Sie strebte quasi als Einzelkind durchs Angebot einer Mittelschule und hatte schon eine überaus wackere Mutter als gutes Vorbild. Dagmar Oberbauer machte eine solide Ausbildung zur Speditionskauffrau, wurde mit 15 Jahren dann die große Schwester einer kleinen Schwester und entschloss sich nach angemessener Zeit, das Abitur nachzuholen und Betriebswirtschaft zu studieren. Irgendwie nebenbei.

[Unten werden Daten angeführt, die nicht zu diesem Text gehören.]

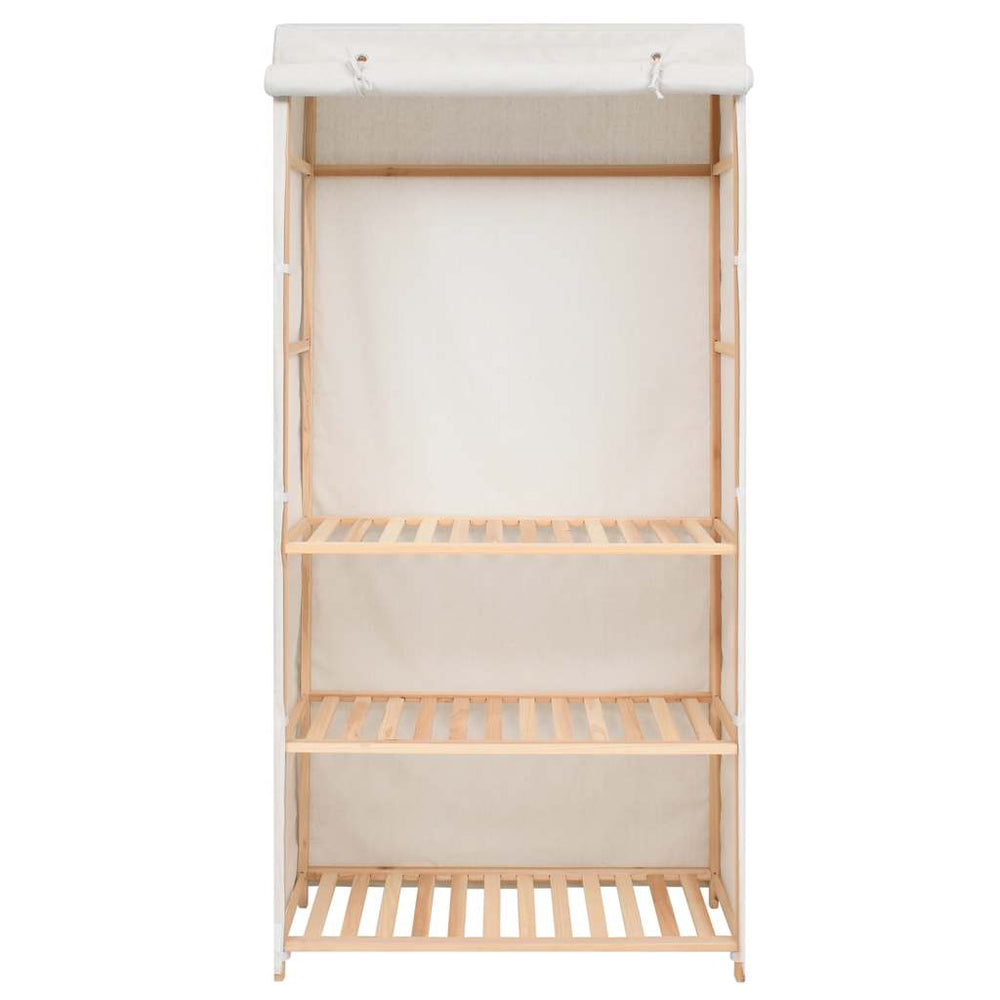 vidaXL 3-Tier Wardrobe 79 x 40 x 170 cm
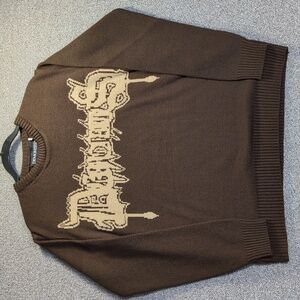 Demonites Chocolate Knit Sweater Size Medium in Brown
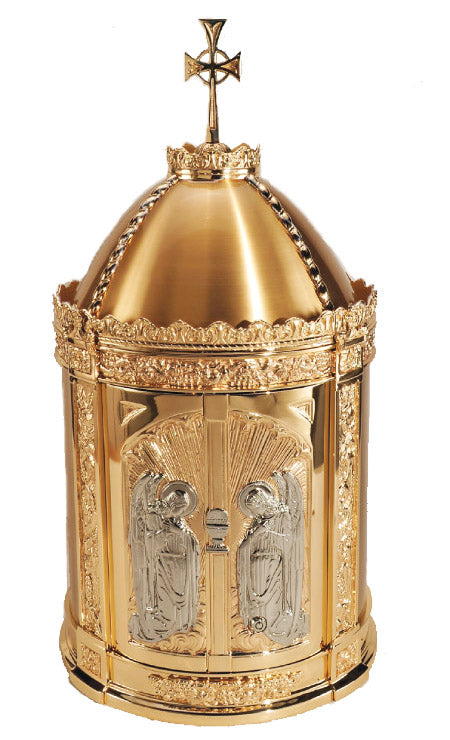 Large Cylinder Tabernacle with Angel Doors - no. 61TAB30
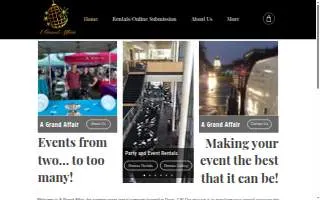 A Grand Affair of Davis website
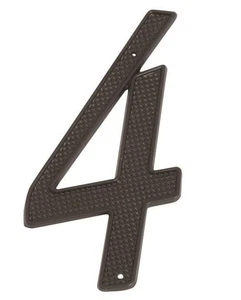 Prosource N-014-PS House Numbers With Nails # 4, Black, 4" - Picture 1 of 1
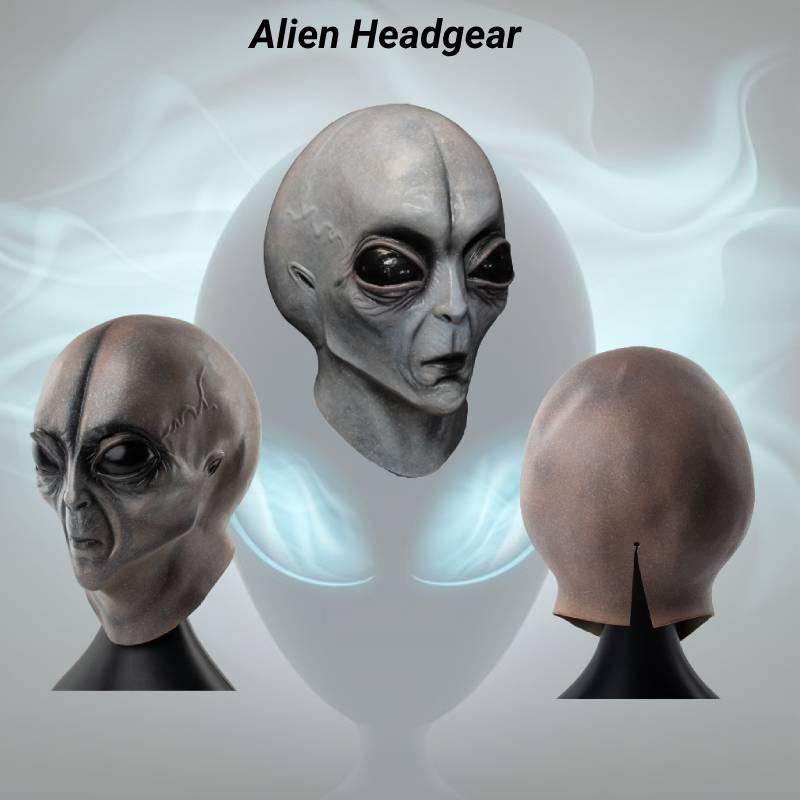 Neue 2021 Alien Latex Kopfbedeckung Halloween Horror Requisite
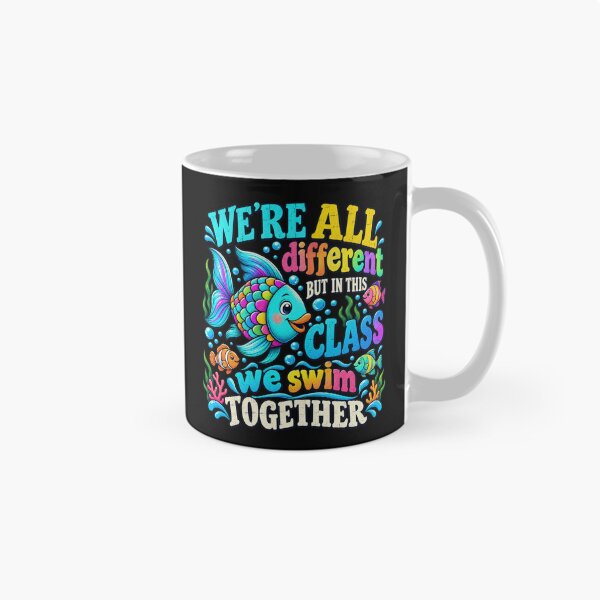 Item preview, We're All Different But We Swim Together Elementary Teacher designed and sold by Duerson.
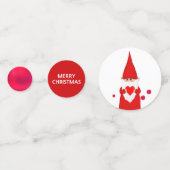 Green & Red Christmas Gnomes Confetti (Derrière)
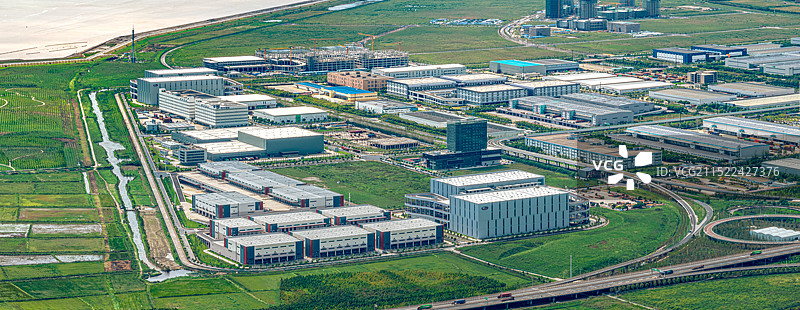自贸联发六期仓库 洋山海洋离岸科创中心 洋山特殊综合保税区 临港自贸区 上海临港物流园区图片素材
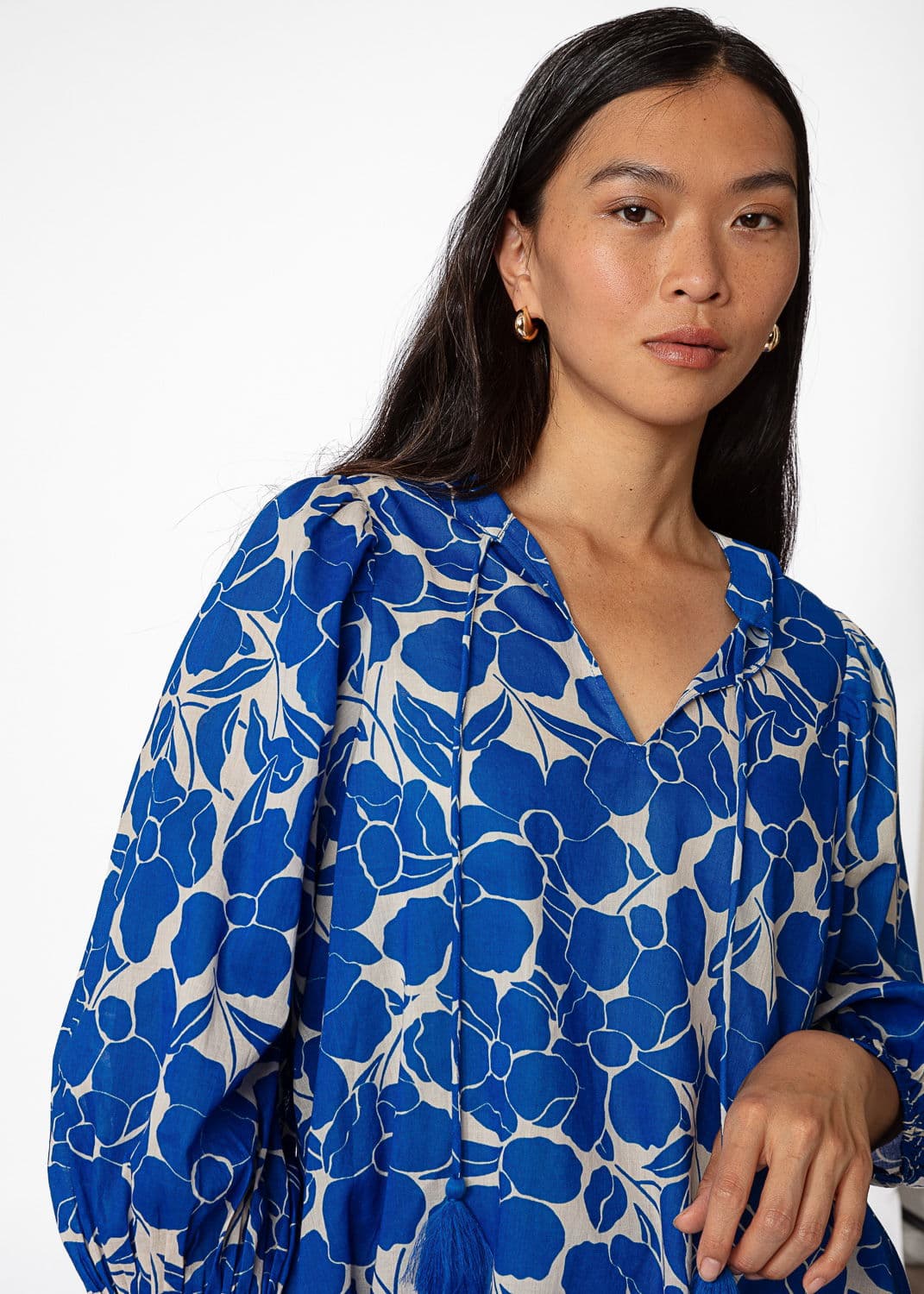 HANA BLOUSE 241 - BLUE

Ein Studium, ein guter Abschluss - da geht doch immer was in der Karriere. Auch bei Dagmar Oberbauer, die für ihre Firma im In- und Ausland Gutes tat, die mal Marketing betrieb, mal im Vertrieb war. Dann stieg sie aus und machte mal was ganz anderes - sie stieg ins Mentoring-Projekt in Ratingen ein, erfuhr, wie Grundschüler ticken, kümmerte sich ehrenamtlich um Kinder, die in ihrer Lesekompetenz individuell zu fördern waren.

Mit dieser Begleitung durch den Buchstaben-Dschungel erfuhren die Jungen und Mädchen nicht nur persönliche Zuwendung, sondern auch Anerkennung ihrer wachsenden Kompetenz und letztlich Selbstsicherheit. Da lagen dann die Erschaffung und Organisation der Vorlese-Patenschaften in der Ratinger Stadtbücherei auch nicht wirklich weit - es fanden sich bald zuverlässige Ratinger, die jetzt regelmäßig in der Kinder- und Jugendbuchabteilung des Medienzentrums vorlesen und auf diese Weise Kindern den Spaß am Lesen beibringen.

Auch in der Dumeklemmer-Stiftung machte Dagmar Oberbauer aktiv mit. Eberhard Raßloff, ehemaliger Amtsleiter, erinnert sich gern: "Sie war zuverlässig und äußerst innovativ". Das fügte sie zu jeder Beschäftigung hinzu, und letztlich fügten sich alle Aktivitäten zu einem stabilen Netzwerk, das sich vor dreieinhalb Jahren in ein größeres knüpfen ließ - in die neu ausgedachte Selbstständigkeit. Auch ganz schön tough, sich mit Ende 50 noch einmal beruflich selbstständig zu machen. Allerdings hatte ein fleißiges und zielgerichtetes Berufsvorleben dafür gesorgt, dass diese Frau nicht wirklich am Hungertuch nagte. Doch sie entwickelte fraglos berufliche Aktivitäten zu einem Zeitpunkt, da andere Frauen oft schon in den Warteschleifen-Modus gleiten. In der Freizeit schlägt sie schmetternde Bälle über den Tennisplatz und treibt 45 Gramm schwere Bälle mit 400 Dellen und einem Durchmesser von 4,2 Zentimeter übers Grün.

Dass sie in diesem Jahr heiratete, hat nun nichts mit einem verrückten zweiten Frühling zu tun, sondern mit langjährig erprobter, tiefer Zuneigung zu Bodo Waterbör.